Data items
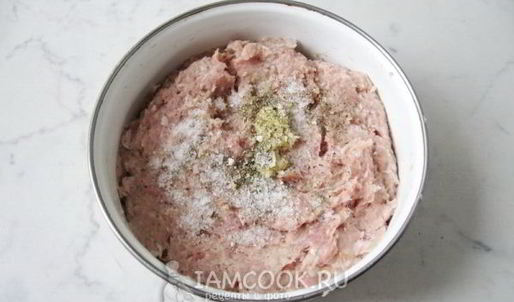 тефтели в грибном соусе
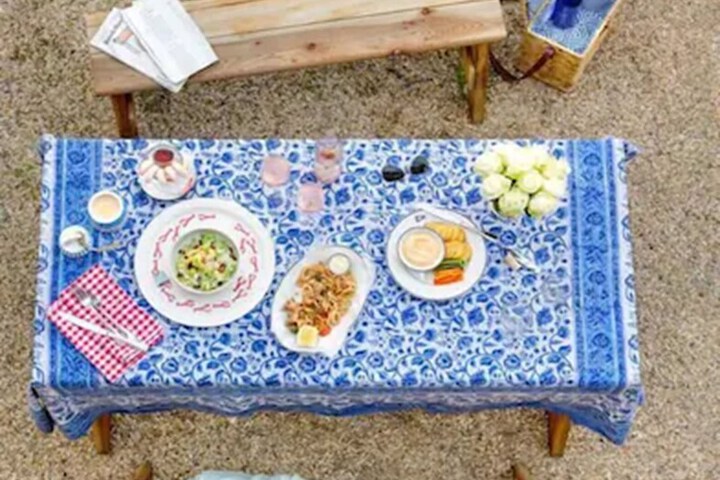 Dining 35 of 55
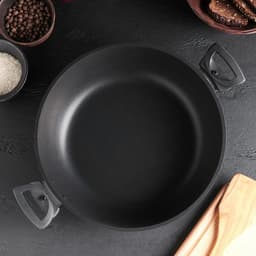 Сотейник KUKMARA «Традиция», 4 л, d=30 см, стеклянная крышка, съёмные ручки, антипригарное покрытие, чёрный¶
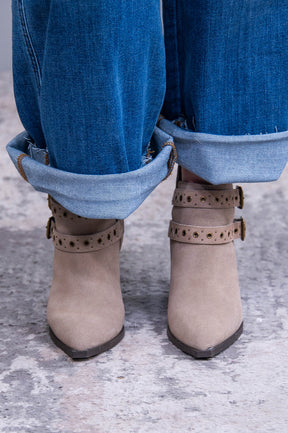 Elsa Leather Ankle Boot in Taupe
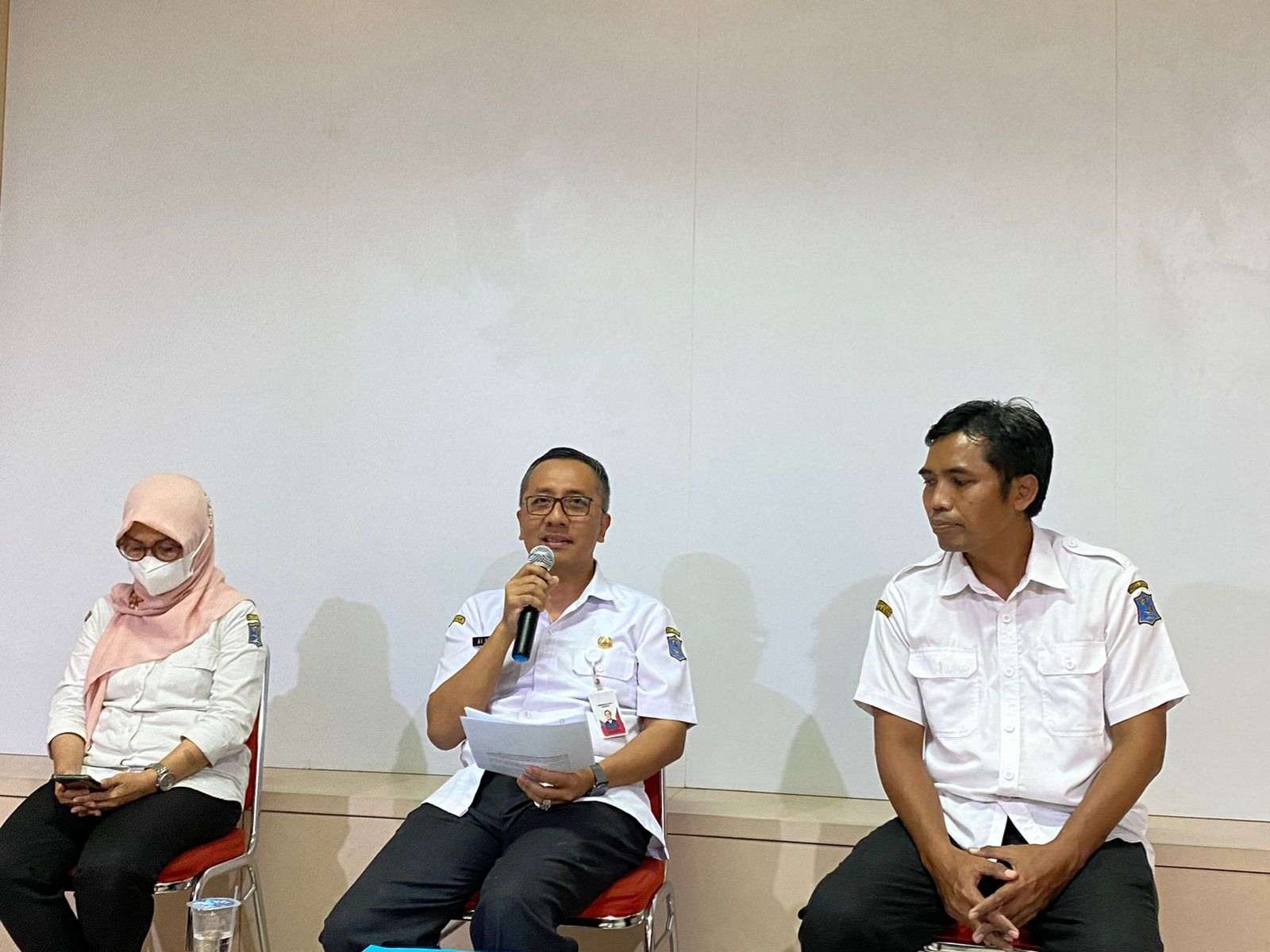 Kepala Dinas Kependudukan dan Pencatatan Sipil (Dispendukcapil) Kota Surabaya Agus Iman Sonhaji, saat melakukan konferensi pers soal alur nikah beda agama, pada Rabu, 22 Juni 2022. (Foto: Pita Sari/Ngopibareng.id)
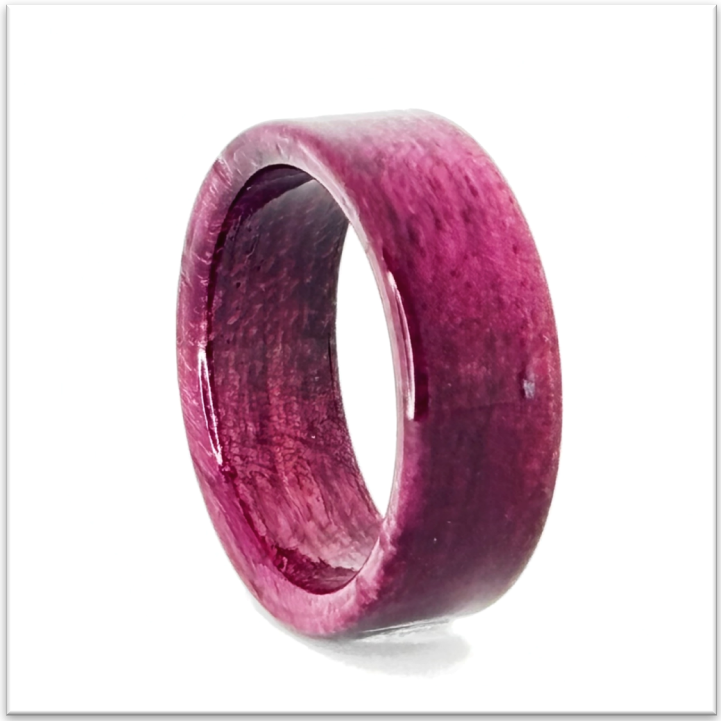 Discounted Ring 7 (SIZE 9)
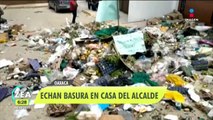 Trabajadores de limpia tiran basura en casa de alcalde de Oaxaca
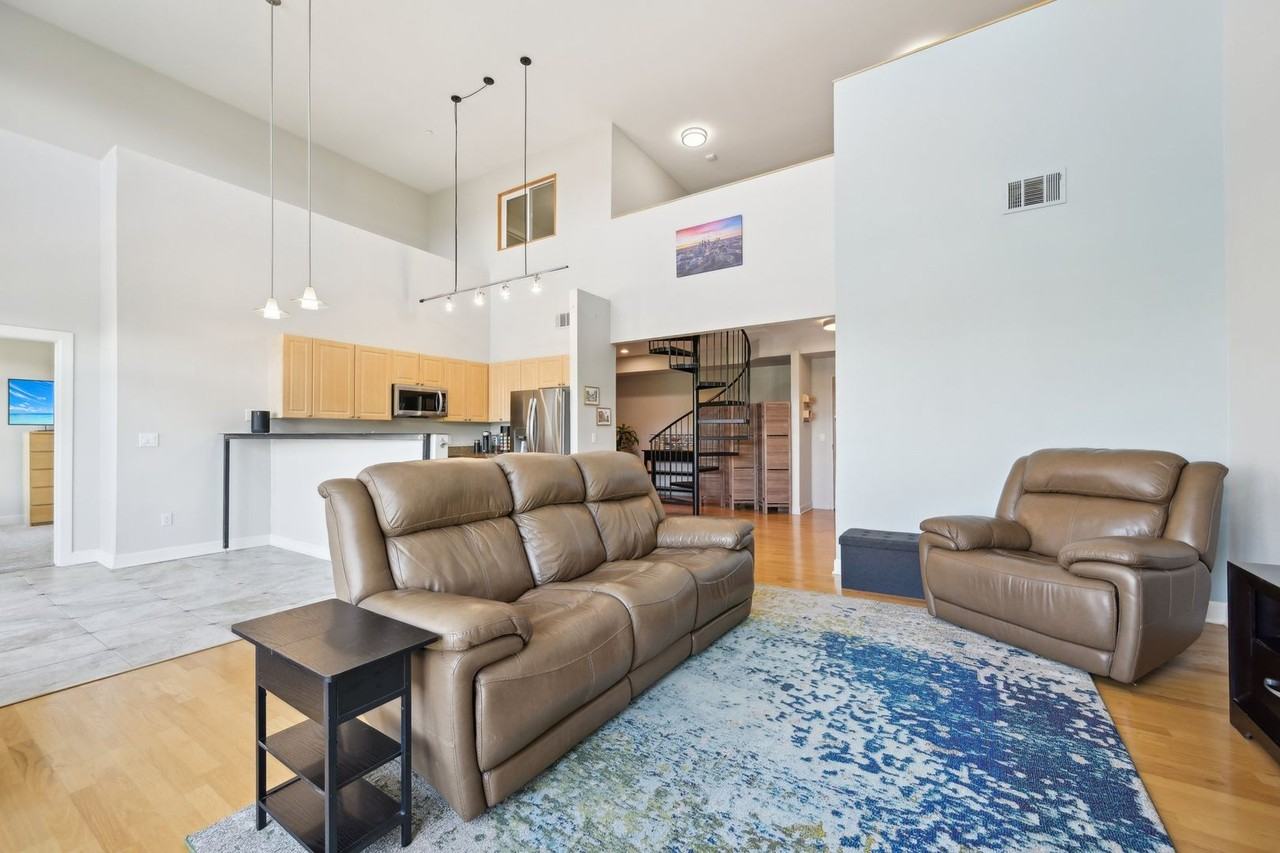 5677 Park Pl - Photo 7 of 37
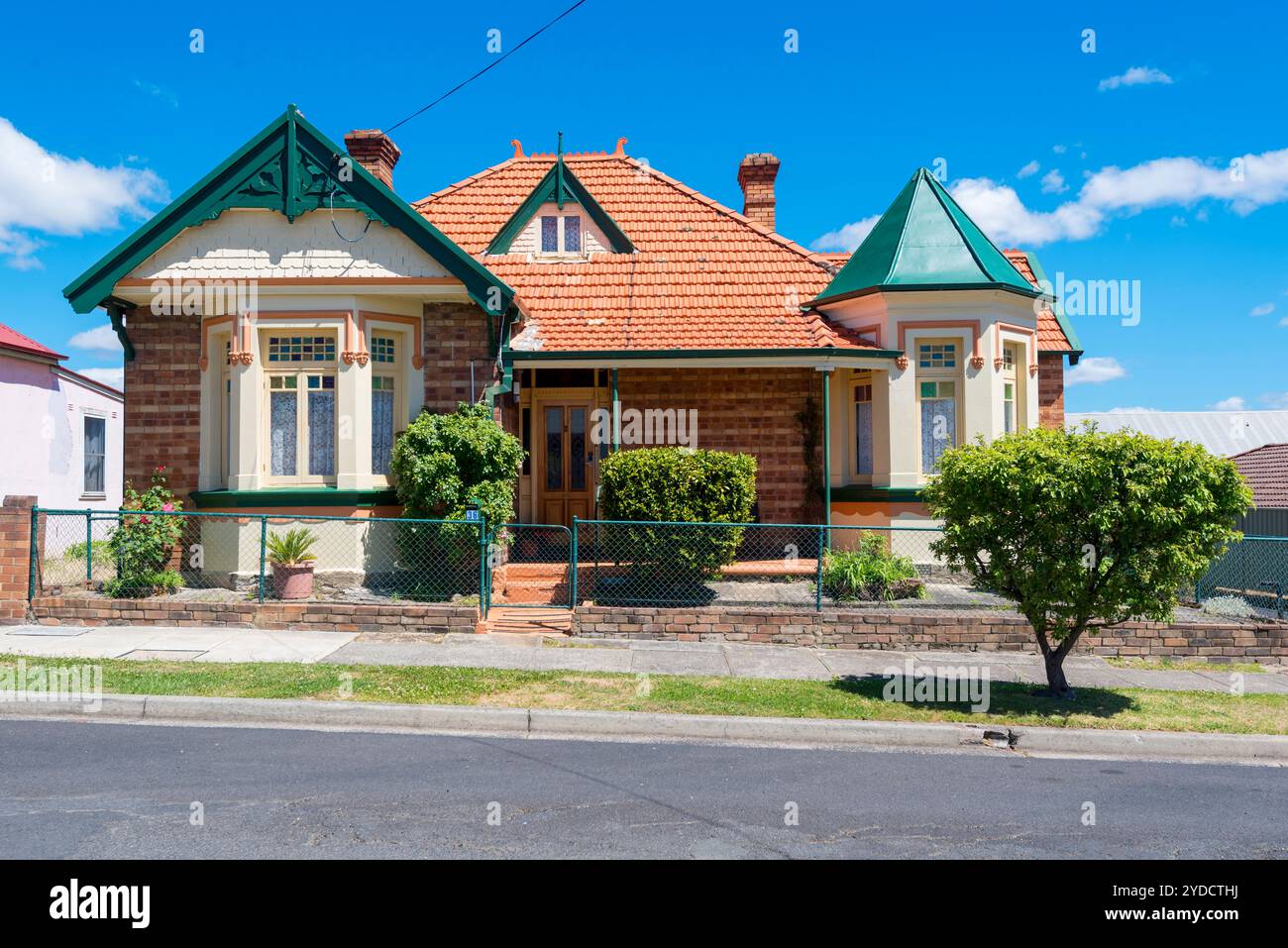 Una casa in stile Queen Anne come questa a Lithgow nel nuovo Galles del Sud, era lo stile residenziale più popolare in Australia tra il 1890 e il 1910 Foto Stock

• **Problem to solve**:
Your task is to transcribe, exactly and without additions, every line from the one that contains "Elsa Leather Ankle Boot in Taupe" to the end of the entries above, both included. Omit all pictures.

• **Answer section**:
 Elsa Leather Ankle Boot in Taupe
 Kepala Dinas Kependudukan dan Pencatatan Sipil (Dispendukcapil) Kota Surabaya Agus Iman Sonhaji, saat melakukan konferensi pers soal alur nikah beda agama, pada Rabu, 22 Juni 2022. (Foto: Pita Sari/Ngopibareng.id)
 Discounted Ring 7 (SIZE 9)
 Trabajadores de limpia tiran basura en casa de alcalde de Oaxaca
 5677 Park Pl - Photo 7 of 37
 Una casa in stile Queen Anne come questa a Lithgow nel nuovo Galles del Sud, era lo stile residenziale più popolare in Australia tra il 1890 e il 1910 Foto Stock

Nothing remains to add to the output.